Data>
___

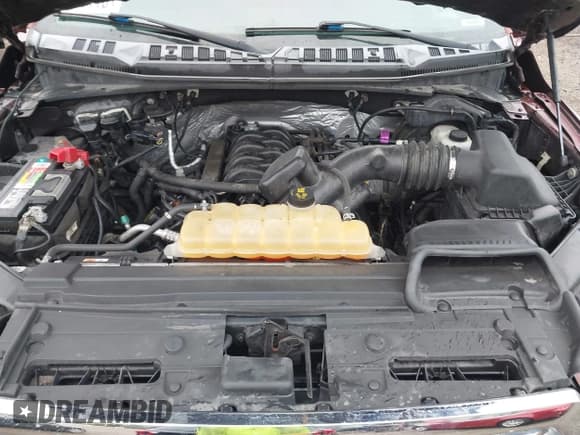 ✅ 2017 Ford F-150 XL • VIN: 1FTEW1EF4HFA65644 • Lot: 43292295. Wystawiony na IAAI z przebiegiem 112 170 mil. Bezpłatny archiwum sprzedaży aukcyjnych z USA i szczegółowy raport historii pojazdu na DreamBid. Zdjęcie 10.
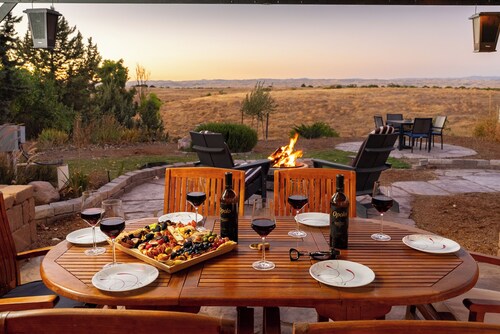 Serenity Vista Retreat-sleeps 8|EV|sauna|Hot Tub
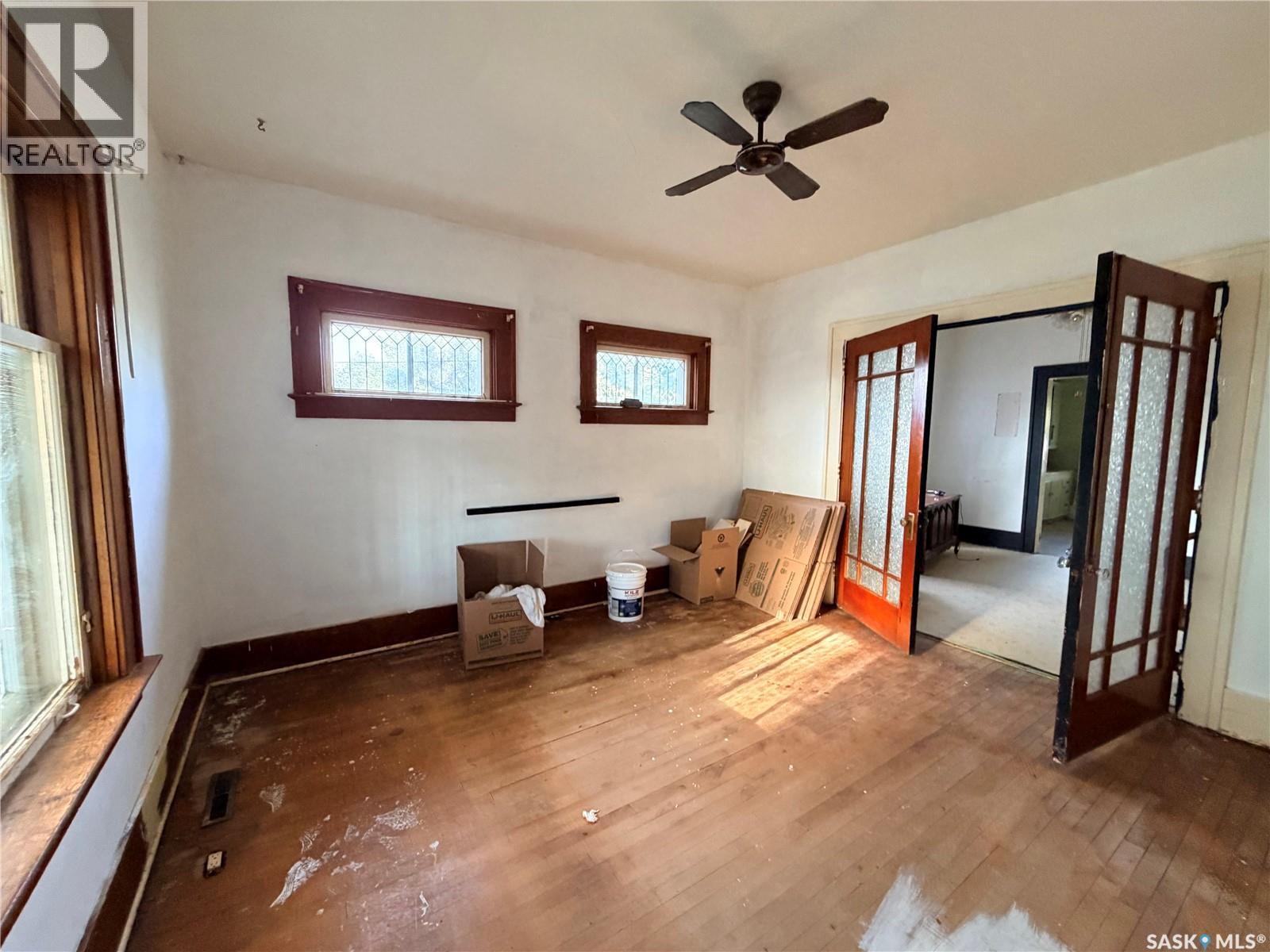 12 3rd Street E, Willow Bunch, Saskatchewan  S0H 4K0 - Photo 20 - SK047959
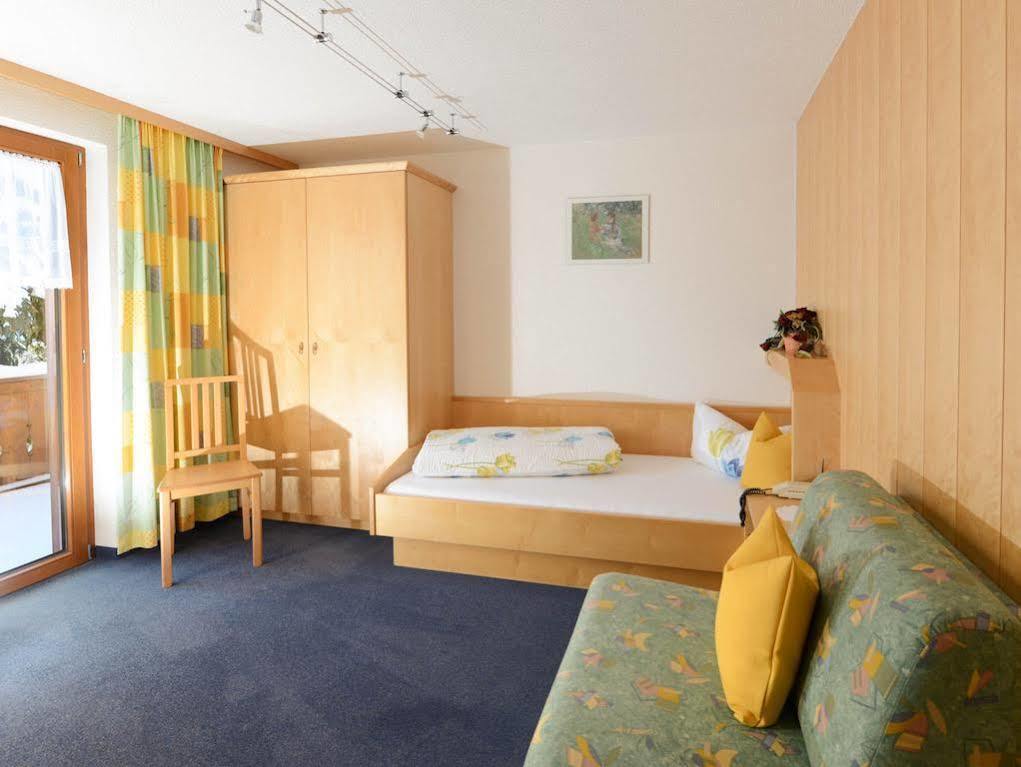 Haus Furka Hotel Damuels Luaran gambar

___

Exercise> Give the material again exactly as it is, but keep the pictures out.

Solution>
 ✅ 2017 Ford F-150 XL • VIN: 1FTEW1EF4HFA65644 • Lot: 43292295. Wystawiony na IAAI z przebiegiem 112 170 mil. Bezpłatny archiwum sprzedaży aukcyjnych z USA i szczegółowy raport historii pojazdu na DreamBid. Zdjęcie 10.
 Serenity Vista Retreat-sleeps 8|EV|sauna|Hot Tub
 12 3rd Street E, Willow Bunch, Saskatchewan  S0H 4K0 - Photo 20 - SK047959
 Haus Furka Hotel Damuels Luaran gambar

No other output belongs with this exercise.